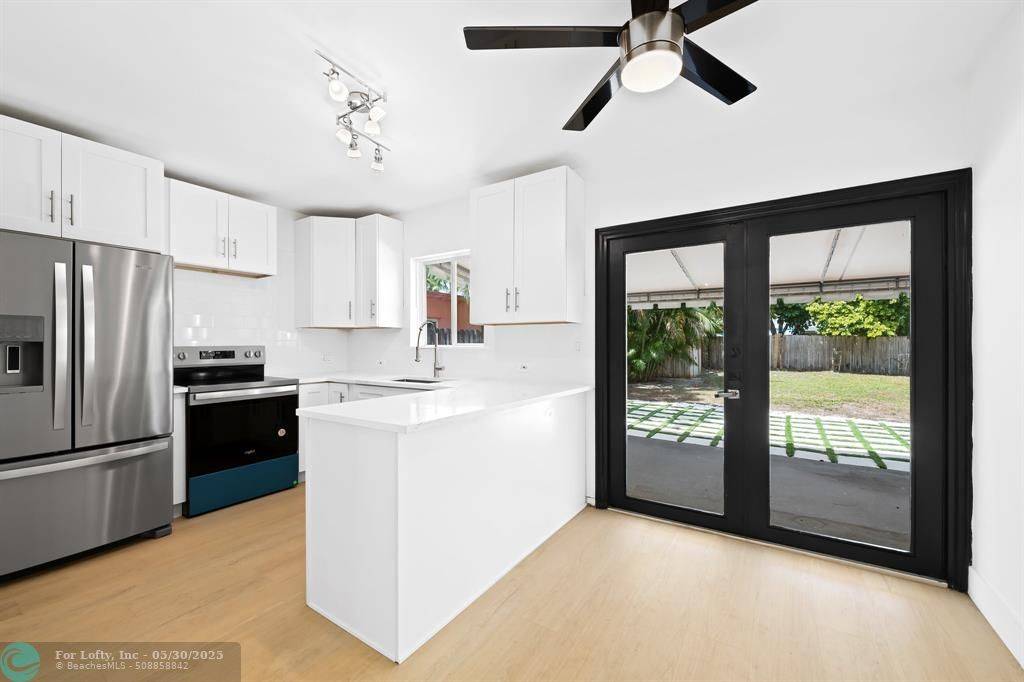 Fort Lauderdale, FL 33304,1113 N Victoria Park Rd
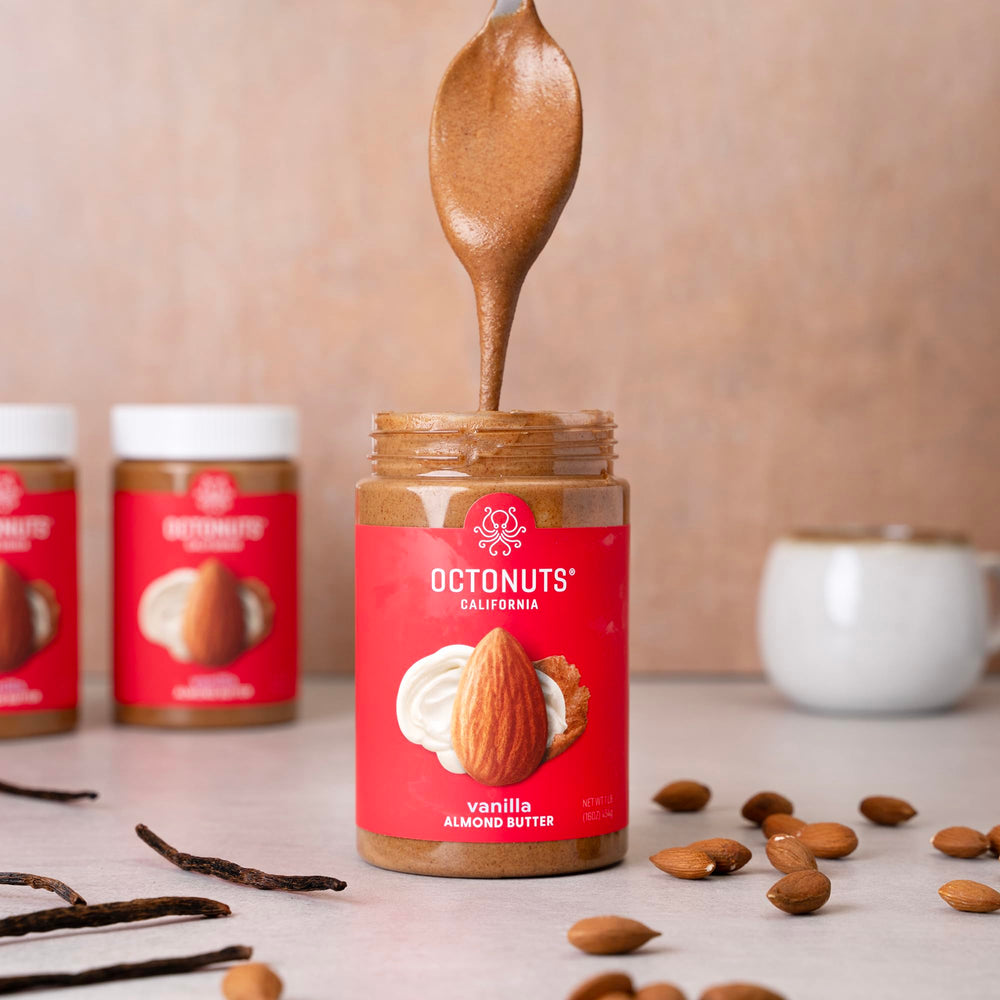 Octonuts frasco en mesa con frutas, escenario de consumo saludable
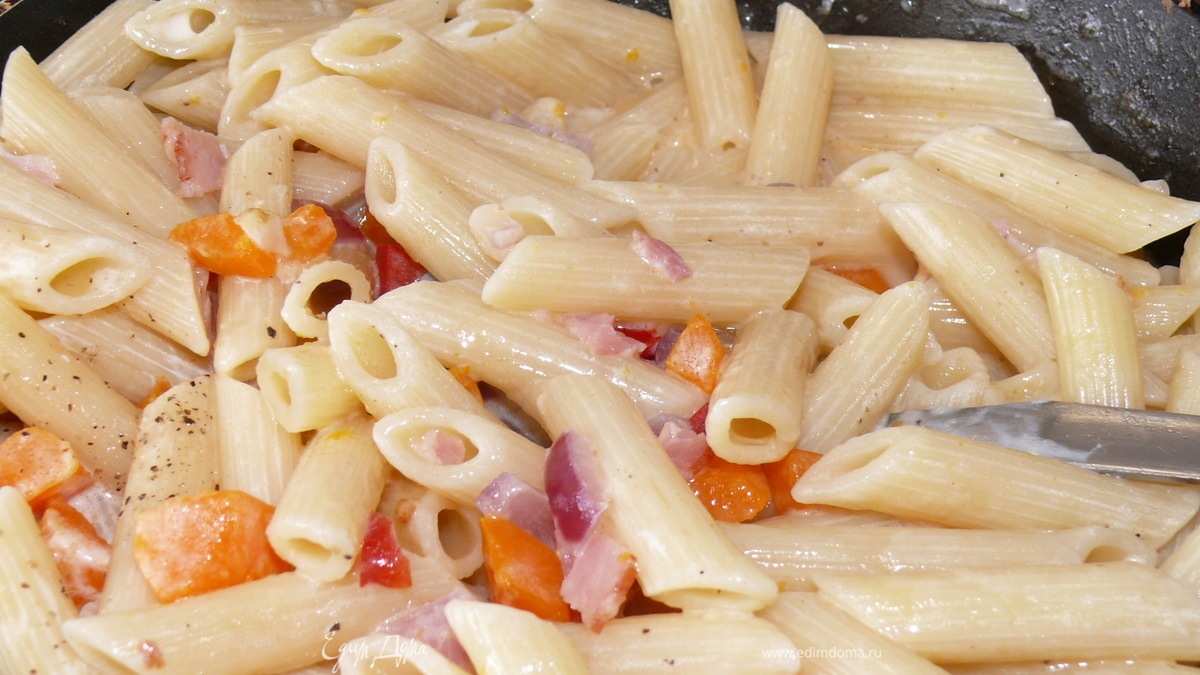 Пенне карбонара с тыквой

- - -

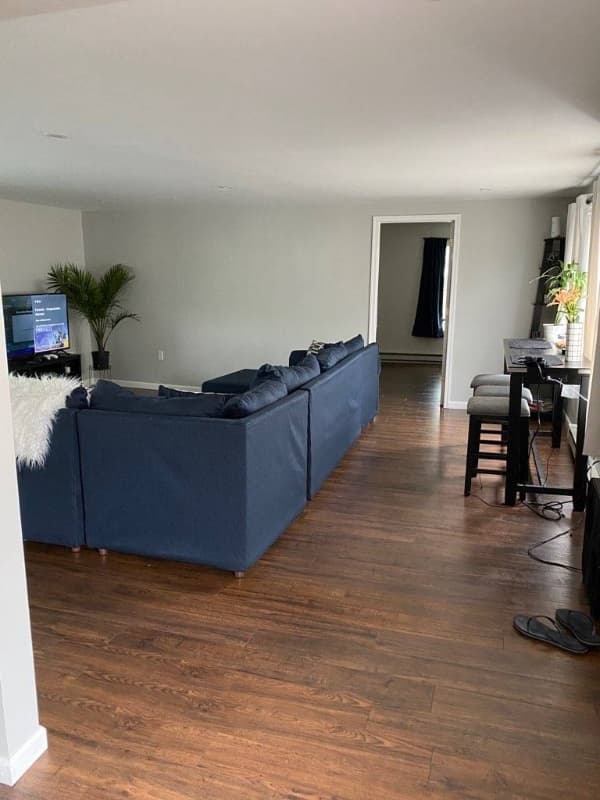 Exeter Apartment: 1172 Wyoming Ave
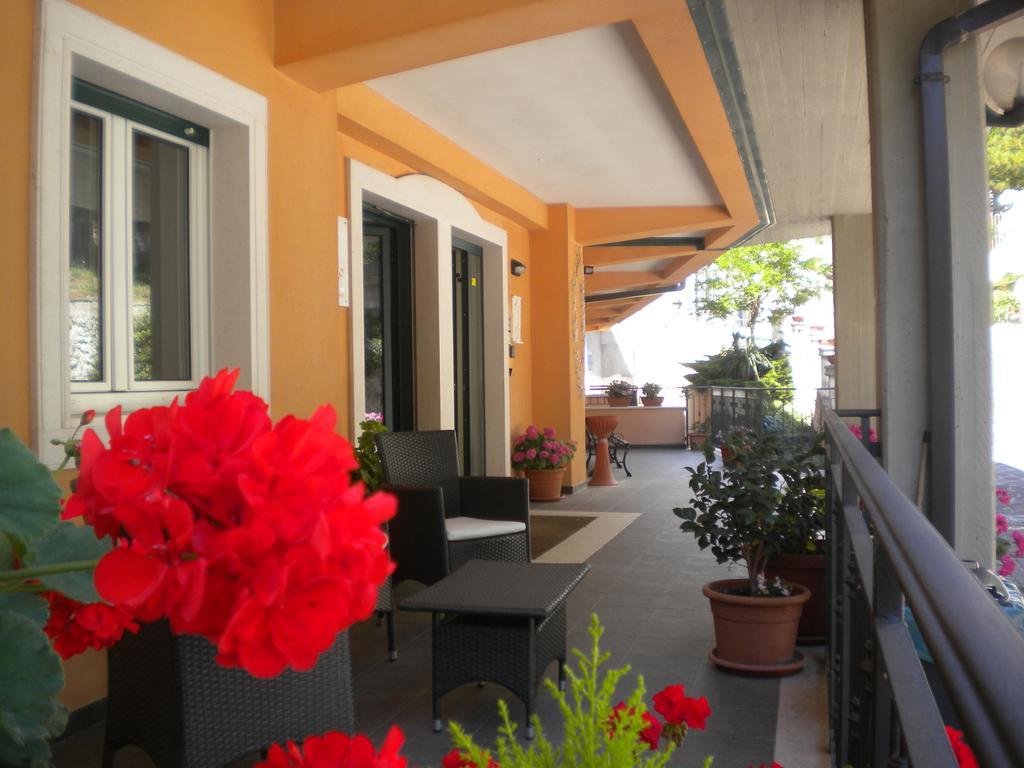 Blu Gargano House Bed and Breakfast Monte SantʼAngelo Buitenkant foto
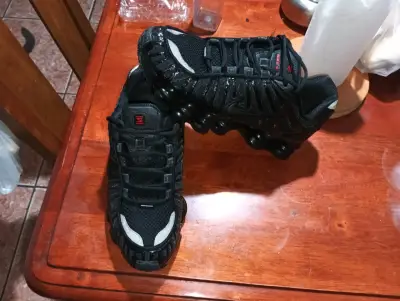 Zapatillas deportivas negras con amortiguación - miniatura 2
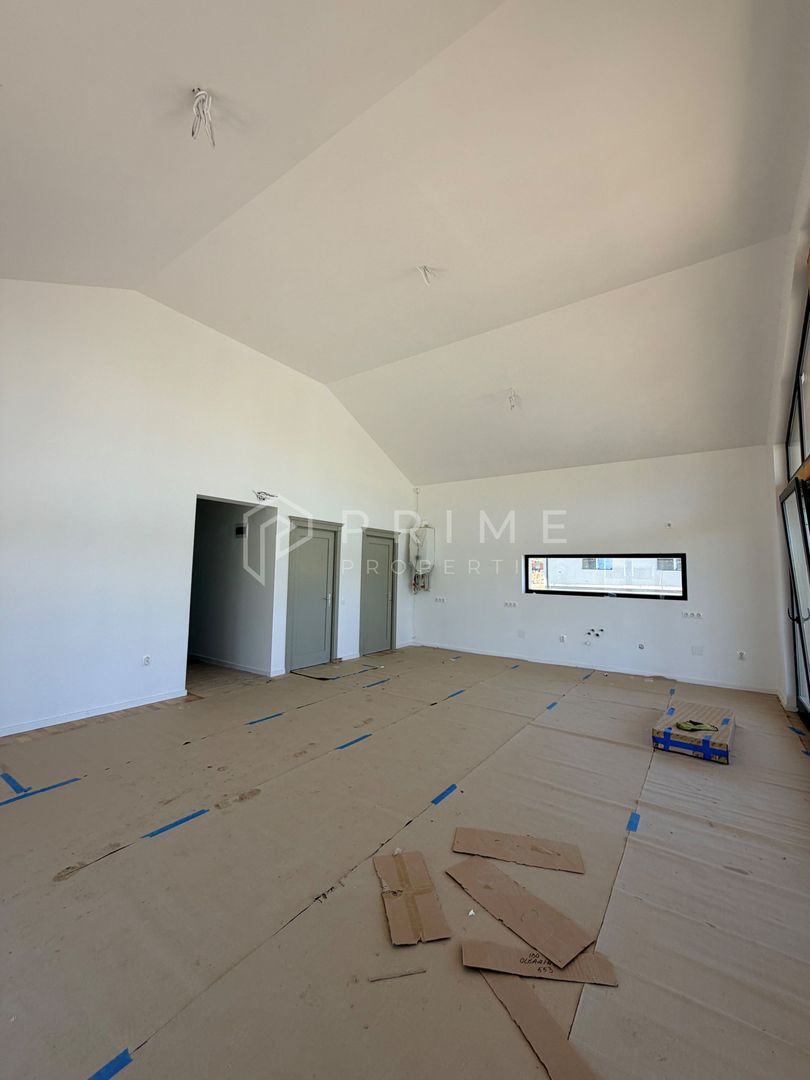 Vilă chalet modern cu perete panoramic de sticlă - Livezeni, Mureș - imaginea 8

- - -

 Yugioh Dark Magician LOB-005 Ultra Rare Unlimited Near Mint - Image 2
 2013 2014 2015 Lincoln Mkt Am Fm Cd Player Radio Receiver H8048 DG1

- - -

**WORK ITEM**
Once the line with "Fort Lauderdale, FL" is found above, print it and every line after it through the line with "Пенне карбонара с тыквой", exactly. Pictures stay out.

**REPLY**
 Fort Lauderdale, FL 33304,1113 N Victoria Park Rd
 Octonuts frasco en mesa con frutas, escenario de consumo saludable
 Пенне карбонара с тыквой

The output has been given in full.